9 September 2013

It's not the message that keeps you here

I'm tired. Weird, sometimes, when the first day back leaves you more tired than the rest of the week.

Still, I think...hope...I've got Thursday off. Just me and the husband, for an entire (school-length) day ;)

Anyway, RSF asked about the difference between an outer and inner cordon (for bread making...but usually for a crime scene.

Well, in Sherlock's words: "The outer one is blue and the inner one is red and says inner cordon."

There...what more do you need to know?

But seriously. Depending on the situation, we can have up to four 'cordons' - vehicle, outer, inner and crime scene. Usually we have outer, inner, scene.

The outer cordon is for the public. We stop the general public getting past a certain point, for various reasons. They get in the way. They see disturbing things. If we have to arrest someone at the scene they could potentially be in danger. We can't control lots of people if we also have witnesses to protect/isolate. Etc.

Also, we usually have a fleet of vehicles by the time we're all there. Forensics vans, original responding officer vehicles. Ambulances. Meat wagons. My car ;). Sometimes Fire engines. And we don't like people touching our stuff. Or stealing the contents. So we park them inside the outer cordon, if needs be. But generally, anyone we like can trample about in there and not compromise the scene.

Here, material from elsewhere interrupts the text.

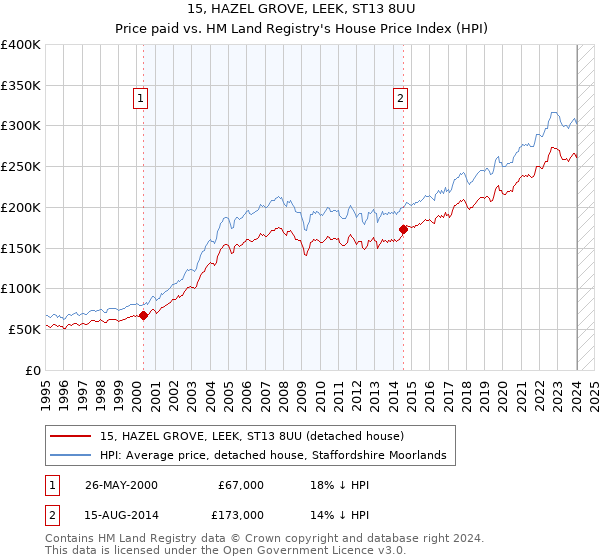 15, HAZEL GROVE, LEEK, ST13 8UU: Price paid vs HM Land Registry's House Price Index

The inner cordon is like, invite only. So most plod won't get in there, and often we'll want people to be getting into/out of their crime scene clothing (the paper suits, over shoes, gloves) in that area. It'll be where the emergency services usually co-ordinate, away from earwigging press and public.

And then we have the crime scene. Very strictly controlled. At that point we usually have these stepping stones that we put down, so none of us walk on the floor. We try to very clearly indicate where the first responders went, and follow that path, so we don't contaminate anything else.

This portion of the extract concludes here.